Pair your study time with something you already do faithfully, and at roughly the same time, every day. Study while you’re eating lunch, during the baby’s nap time, right after you exercise, as soon as you get up in the morning, etc. Piggybacking onto something that’s already built in to your schedule helps you stay faithful and keeps you from forgetting.
Plan for It
Do your best to block off your schedule for your Bible study time and guard that time from interruptions. Turn your phone off and get away from social media. Don’t schedule other appointments or activities that might run long and impinge on your study time. Take care of any possible contingencies that could come up before you get started.
Be Purposeful About It
The Bible should be studied in an orderly way so you can understand and apply it properly. I usually recommend simply picking up the Bible and studying it rather than using Bible study books and workbooks, and having a systematic plan of study is essential, not only to proper understanding and application of God’s word, but also to keep you from wasting time trying to figure out what to study each day. Choose a book of the Bible, start at the beginning, and work your way through it, or choose a plan for working your way through the New Testament, Old Testament, or whole Bible.

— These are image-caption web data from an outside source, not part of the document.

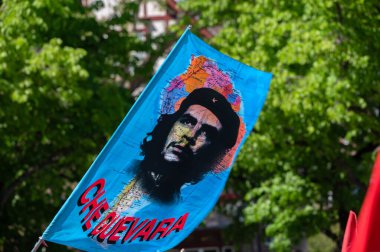 Amsterdam 'da Che Guevara' dan Bayrak 1-5-2015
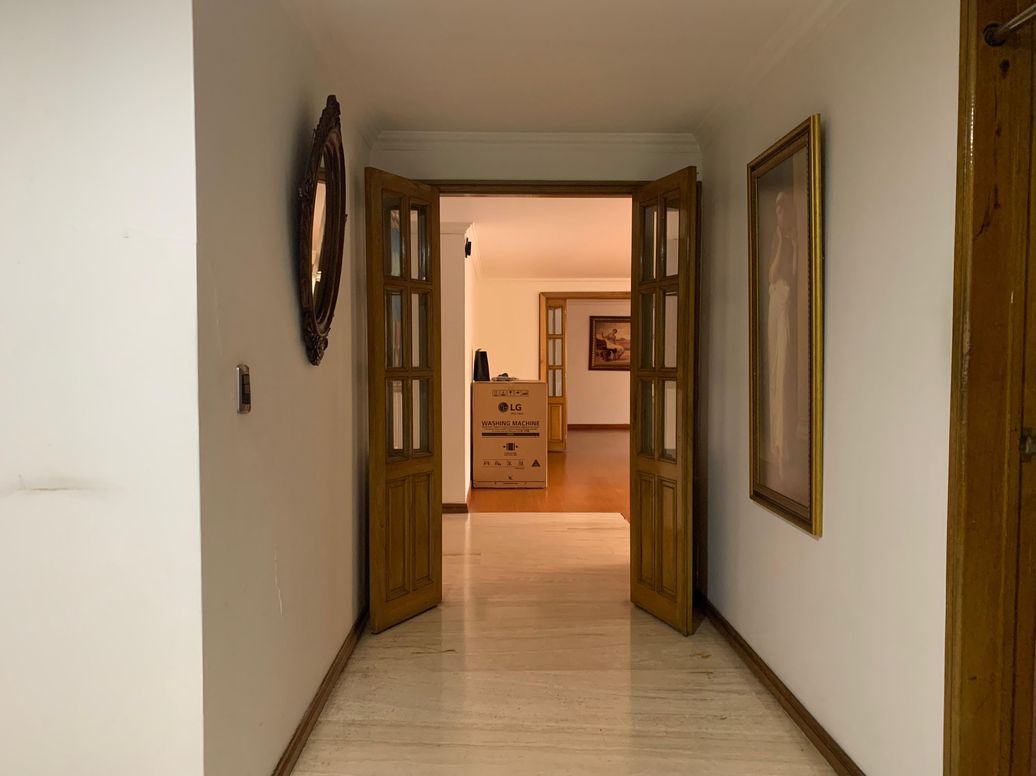 Apartamento de 4 alcobas en venta en Cjr Carlos Lleras Restrepo Block E, Bogotá, 215 m² · foto 6 de 19
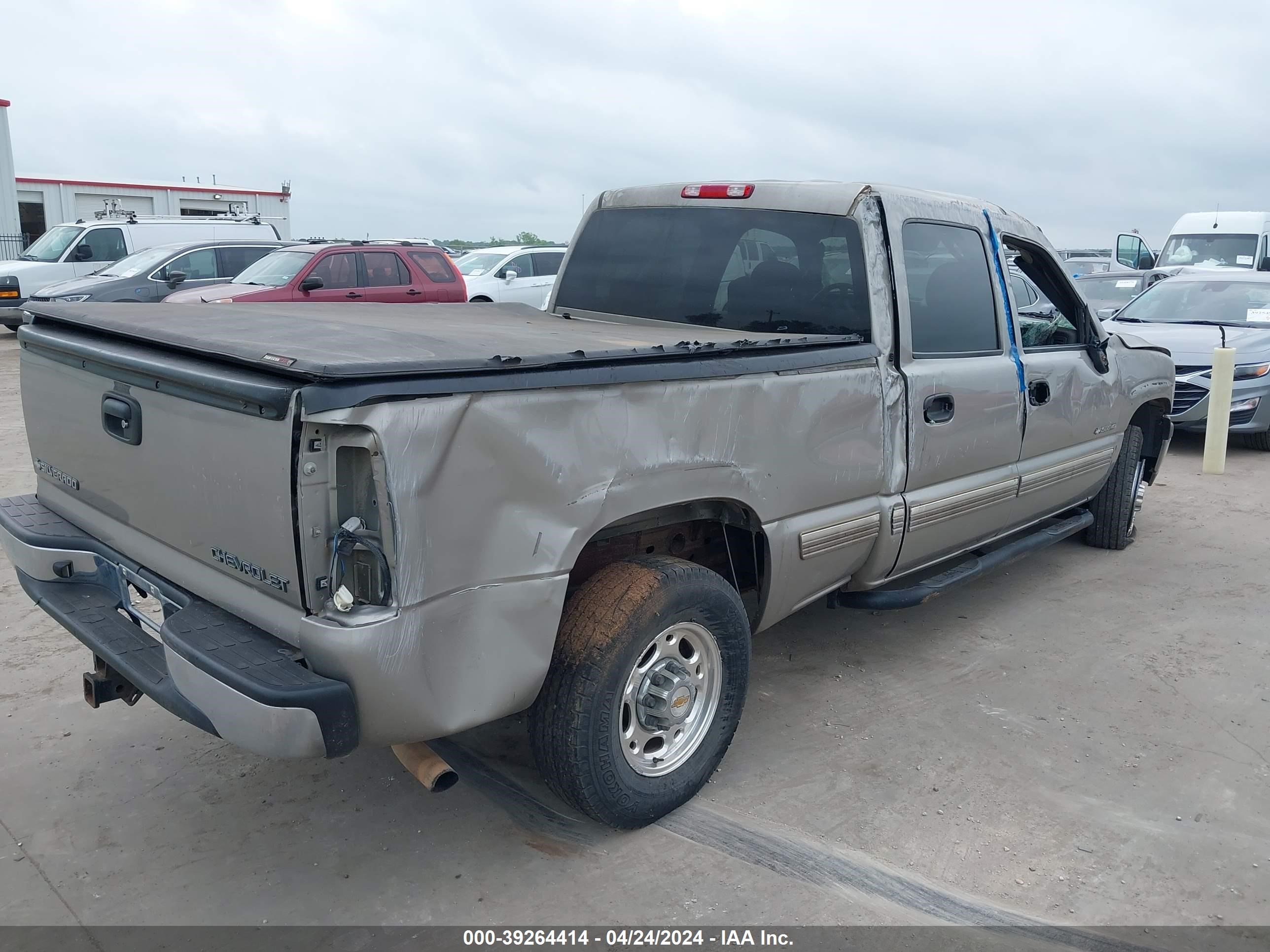 Photo 3 VIN: 1GCGC13U52F182658 - CHEVROLET SILVERADO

Bible reading plans are great, but some of them can simply require so much daily reading that you don’t have time to slow down, take it all in, and linger over what you need to linger over. You don’t have to read the whole Bible in a year, but if a plan interests you, you could tweak the timing of it or pare it down in some way so you’re not biting off more than you can chew. Go for quality rather than an overwhelming quantity. Many beginners find that a chapter a day (unless it’s Psalm 119!) is just about right.
Partner with Someone
Check in regularly with a friend or your husband and discuss what each of you is learning from God’s word and how He’s using what you’re studying to make you more like Christ. It’s great fellowship and will help keep you both accountable to staying in the Word.
Positively Reinforce It
It’s true that studying God’s word is its own reward, but sometimes disciplining yourself to stick to a schedule needs a little extra boost of incentive, especially when you’re just starting out. How about making a deal with yourself that you can get on social media, watch TV, have dessert, etc., only after you’ve had your Bible study time? Or that if you don’t miss any days of studying your Bible for a whole week, you’ll reward yourself with an ice cream cone, a bubble bath or some other small treat?
Realize from the get go that there are going to be some days when you’re going to forget to study your Bible, or oversleep, or have an emergency, or just plain old give into temptation to skip it. Take a breath. It’s OK. If there was sin involved, repent and ask God’s forgiveness. If there’s still time left in the day, and you’re able, go ahead and pull your Bible out, even if it’s not your regularly scheduled time. If not, just get back up on that horse tomorrow. God’s mercies are new every morning (Lamentations 3:22-23).
Above all, whether it’s a day when you’ve had a fantastic time in God’s word or a day when you’ve messed up royally, keep your eyes on the prize and see the long term value in spending time in the Scriptures each day. God is using His word to grow you in holiness and make you more Christlike.
All Scripture is breathed out by God and profitable for teaching, for reproof, for correction, and for training in righteousness, that the man of God may be complete, equipped for every good work.